About the Author: Kayla Furbish graduated from Boston University with a B.A. in Psychology and is a Clinical Research Coordinator for the Health and Wellness team at Home Base. Her research interests include trauma and PTSD, health psychology, mind-body medicine, and the relationship between chronic illness and emotional well being.

There are two main types of motivation. Extrinsic motivation is a source of motivation that comes from outside yourself. When you cover someone’s shift at work in order to get the extra paycheck, that is external motivation. Intrinsic motivation is a source of motivation that comes from within yourself. You are intrinsically motivated when you do something because you get pleasure or enjoyment from it.

Usually we are motivated by a combination of intrinsic and extrinsic factors. For example, you might choose a career as a teacher because you enjoy working with children (intrinsic motivation). But you might be also be motivated to show up to your job on time every morning because you depend on your weekly paycheck (extrinsic motivation).

Generally intrinsic motivation results in feeling more competent and fulfilled. If you are motivated intrinsically you will not have to force yourself to accomplish tasks. Identifying sources of intrinsic motivation can help you keep up with your daily care activities and prevent you from experiencing burnout.

Do you feel better when you take your medications every morning?
Do you have more energy during the day when you follow your nighttime sleep routine?
Do you enjoy how your body feels when you are keeping up with your exercise routine?
Do feel a sense of autonomy and independence when you are actively taking care of your health?

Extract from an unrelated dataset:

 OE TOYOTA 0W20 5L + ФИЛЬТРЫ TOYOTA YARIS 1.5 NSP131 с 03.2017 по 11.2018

If you are in the market for some helpful tips to boost your motivation, let’s get started with a little inspiration.

Activity for identifying strengths: Set aside 30 minutes to journal and ask yourself questions that will help you to identify strengths. You might ask yourself questions like: What am I good at? What have others complimented me on? What do others ask me for help with? Which projects and tasks energize me? What can I do for hours without getting tired? What are my hobbies and why do I enjoy them? Trying new creative activities is another great way to identify your strengths. Try following an online painting tutorial, playing an instrument, or cooking a new recipe!

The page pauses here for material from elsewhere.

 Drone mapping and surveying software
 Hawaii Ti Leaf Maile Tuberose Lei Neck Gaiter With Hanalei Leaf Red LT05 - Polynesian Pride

Goal Setting: Think about three things you would like to achieve this month. Do you want to be more consistent with taking your medications? Would you like to be able to take a ten-minute walk? Do you want to take a shower and get dressed every morning, even if you won’t be leaving the house?

Set goals that are specific and challenging, yet attainable in a short-term time frame. You might choose to set new goals every day, or to set goals on a weekly or monthly basis. Check in regularly on your progress. If you keep a journal or use a planner, log your progress daily and adjust your goals if needed. Post your goals in a place where you will see them and be reminded of them regularly. And remember to listen to your body and take breaks if needed.

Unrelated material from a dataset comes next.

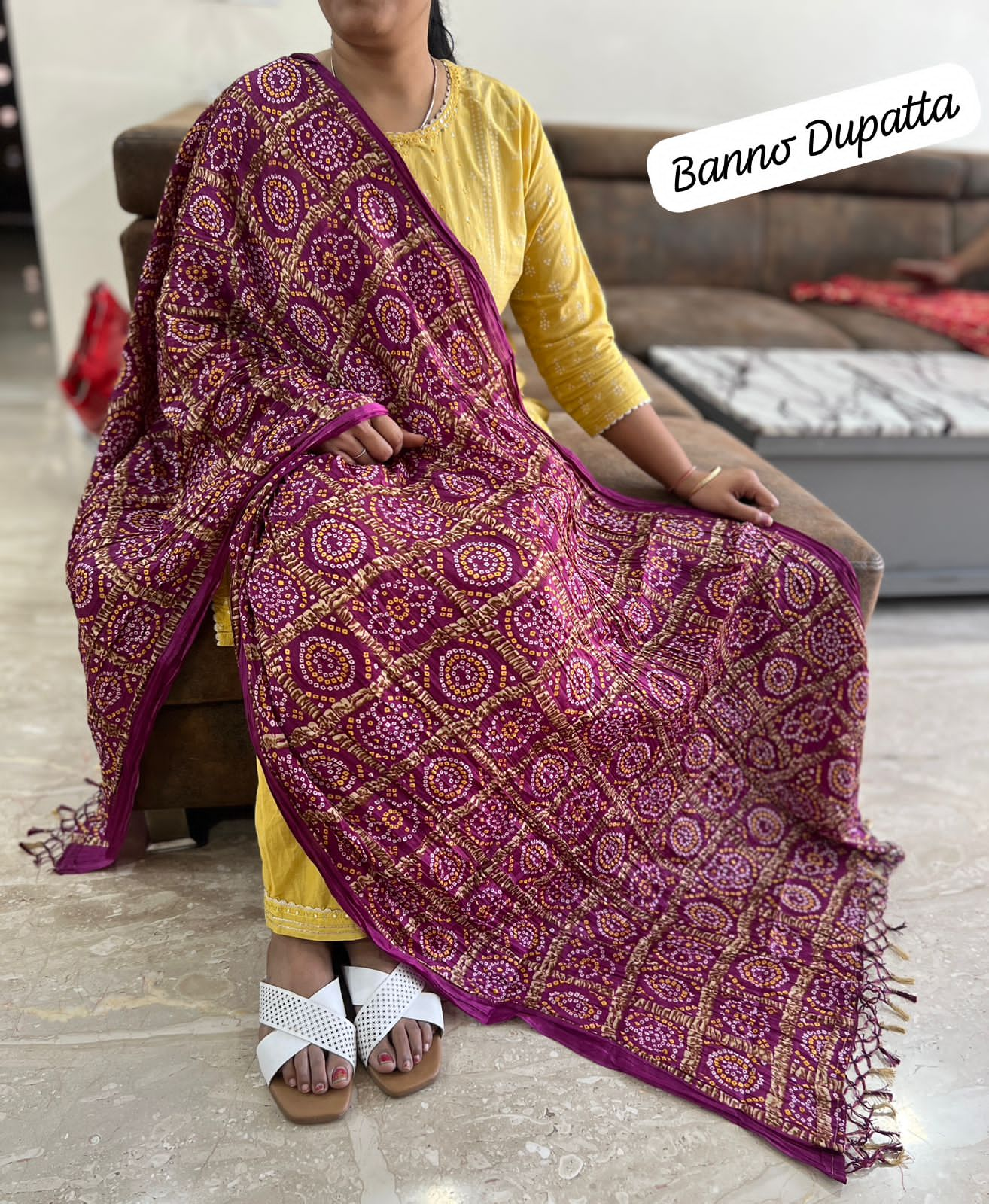 Bandhani Dupatta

Celebrate the Small Victories: Celebrating the small victories is an important skill for maintaining positive progress. The path to a healthy mind and body is not always straight and smooth, and sometimes there will be setbacks. So, celebrating the small victories is one way to be mindful of the progress you are making and stay motivated to achieve your goals. Eating a healthy meal. Responding to your work emails. Taking a break to stretch. These are all victories that show real progress towards achieving goals.

When you are feeling low, you can look at these small documented victories to remind yourself that you are still making progress, that suffering is temporary and better days will come. Be creative with documenting your achievements and write them in a place where you can view them daily.